Intermediate

Data Representation

Aicademy

·OCR GCSE Computer Science·OCR J277·8 min

1.2.4 Data storage (characters, images, sound)·1.2.5 Compression

Why Binary Representation Matters

All data a computer works with — whether a letter, a photograph, a song, or a word document — must be stored as binary (sequences of 0s and 1s). This is because the hardware that makes up a computer can only distinguish two states: on (1) and off (0).

Different types of data need different encoding schemes:

Characters need a standard mapping from symbols to numbers (e.g. ASCII, Unicode)
Images need a way to represent a grid of coloured pixels as bit patterns
Sound needs a method of recording a continuous wave as discrete binary samples
Files can be made smaller without losing important information through compression

Understanding these encoding schemes is not just theoretical — it determines file sizes, transmission speeds, quality trade-offs, and the software needed to decode the data. This lesson covers all four areas as required by OCR J277 1.2.4 and 1.2.5.

Characters — ASCII and Unicode

Computers store all data as binary. To store text, each character (letter, digit, punctuation mark) must be mapped to a binary code. This mapping is called a character set.
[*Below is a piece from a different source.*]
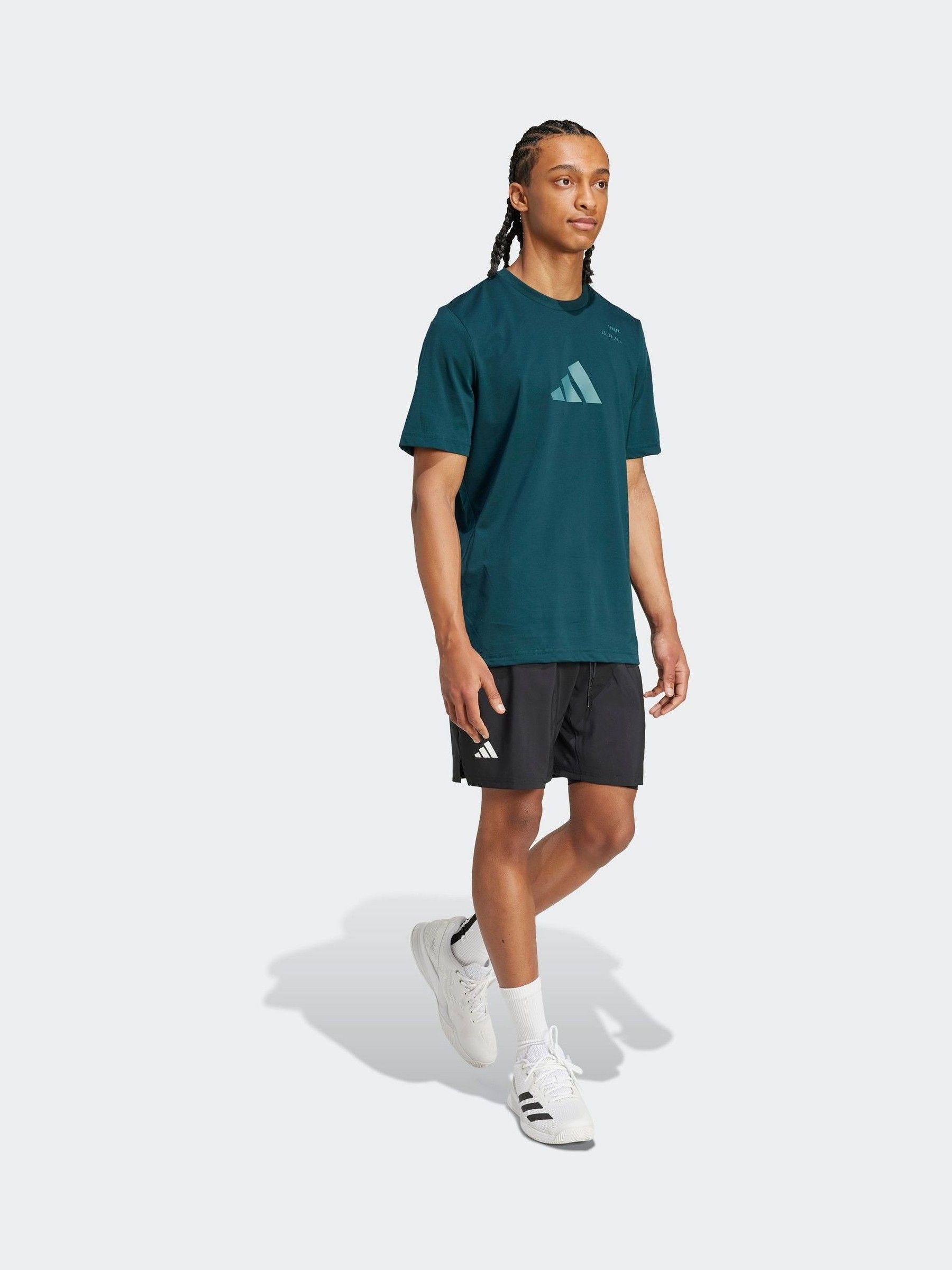 Buy adidas Dark Green Tennis Category Graphic Print T-Shirt from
ASCII (American Standard Code for Information Interchange):

Uses 7 bits per character (extended ASCII uses 8 bits; OCR J277 exams use 8-bit ASCII)
Can represent $2^{7} = 128$ characters (or $2^{8} = 256$ with 8 bits)
Covers: uppercase letters A–Z, lowercase a–z, digits 0–9, common punctuation
Characters are logically ordered — 'A' has a specific code; 'B' has a code exactly one more than 'A'; 'a' is further along still

Unicode:

Uses more bits per character (versions include 16-bit and 32-bit representations)
Can represent over 1 million distinct characters
Covers every written language, mathematical symbols, emoji, and more
Is backwards-compatible — the first 128 Unicode values match ASCII

OCR J277 requires understanding of the differences between ASCII and Unicode and why more bits means more characters representable. Memorisation of specific character codes is NOT required.
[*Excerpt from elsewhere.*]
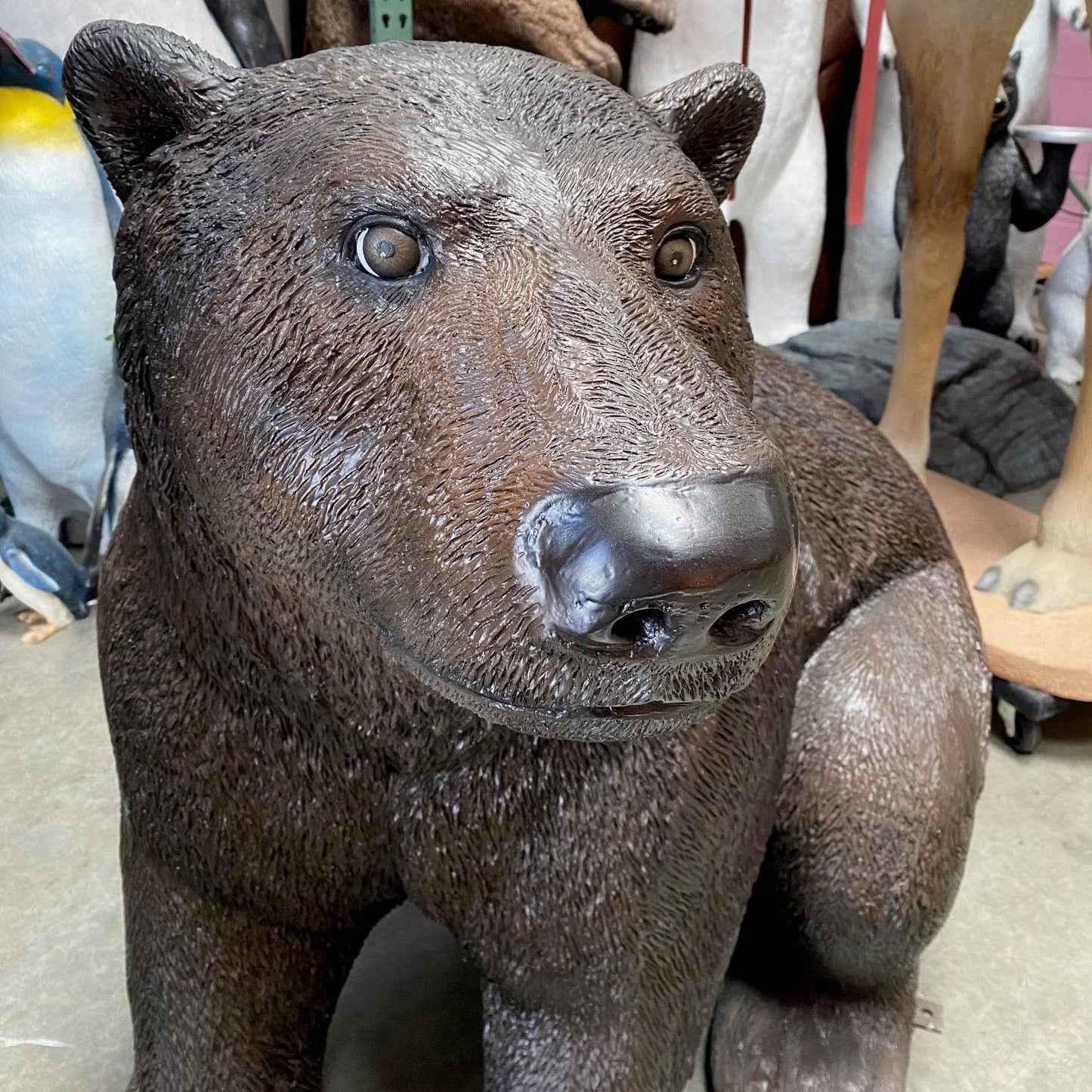 Sitting Black Bear Statue - LM Treasures Prop Rentals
Key relationship: $n$ bits can represent $2^{n}$ different characters.

Bits per character	Characters representable
7	$2^{7} = 128$
8	$2^{8} = 256$
16	$2^{16} = 65, 536$
32	$2^{32} \approx 4.3$ billion

Worked example — why does 'B' have a character code one more than 'A'?

Because character sets are logically ordered — consecutive characters have consecutive codes. If 'A' = 65, then 'B' = 66, 'C' = 67, etc. This allows programs to sort alphabetically using code comparisons.

Images — Pixels and Binary

A digital image is made up of a grid of pixels (picture elements). Each pixel has a single colour, which is stored as a binary number.

Colour depth is the number of bits used to represent the colour of a single pixel:

1-bit colour depth: 2 colours (black and white only)
8-bit colour depth: $2^{8} = 256$ colours
24-bit colour depth: $2^{24} \approx 16.7$ million colours

Resolution is the number of pixels in the image (width × height in pixels).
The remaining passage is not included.